When women are experiencing primary dysmenorrhea (better known as period pain), usually the last thing that they feel like doing is getting up and exercising. According to a new first-of-its-kind study, however, doing so may be exactly what's needed to reduce the discomfort.

An international team of scientists began with 70 female test subjects, aged 18 to 43. Starting the day after the end of their menstrual period, half of the women began a supervised aerobic exercise regime, which involved using a treadmill three times a week for four weeks. They then continued with that regime unsupervised in their homes, for an additional six months.

The other half of the test subjects performed no exercise over that same period, serving as a control group.

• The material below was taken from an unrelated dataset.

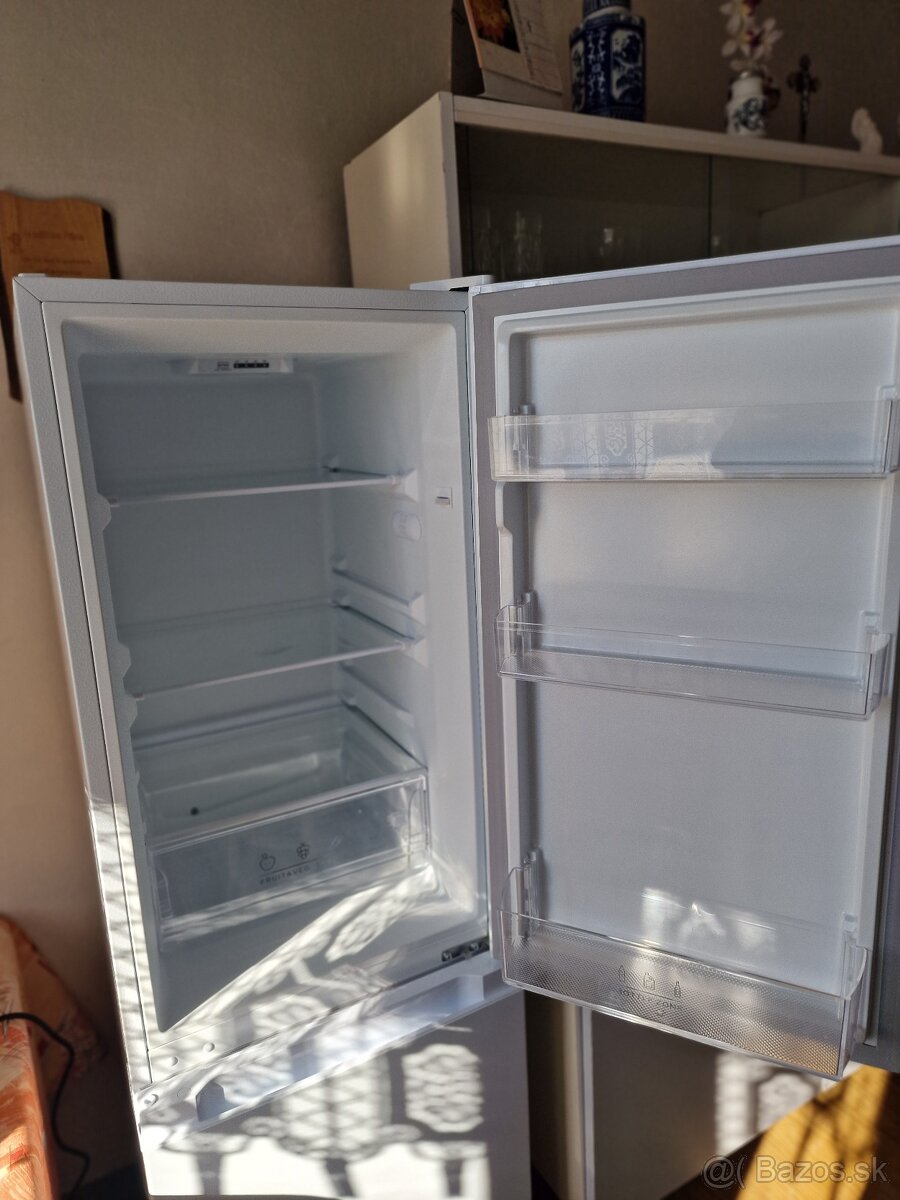 Chladnička s mrazničkou PHILCO PC 173 ENW - 2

After the initial four weeks, the exercise group reported a 6-percent reduction in menstrual pain, as compared to the control. That figure increased to 22 percent after the six months of unsupervised treadmill use. Additionally, once the seven-month exercise period was over, significant increases in quality of life and daily functioning were reported.

Notably, however, there was no improvement in sleep quality. Nonetheless, the study appears to generally back up the long-standing notion that exercise helps to lessen period pain.

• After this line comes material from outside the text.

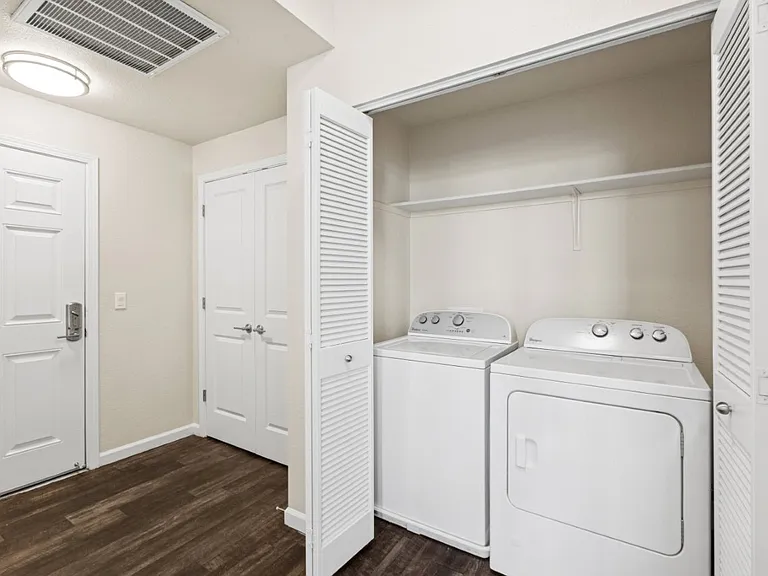 Aspire Apartments — Photo 18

"Women who have painful periods often take steps to actively avoid exercise," says team member Dr. Leica Claydon-Mueller, of Britain's Anglia Ruskin University. "However, this trial demonstrated that exercise significantly reduced pain for those people taking part in the program."

A paper on the research – which also involved scientists from Hong Kong Polytechnic University and New Zealand's University of Otago – was recently published in the journal Contemporary Clinical Trials.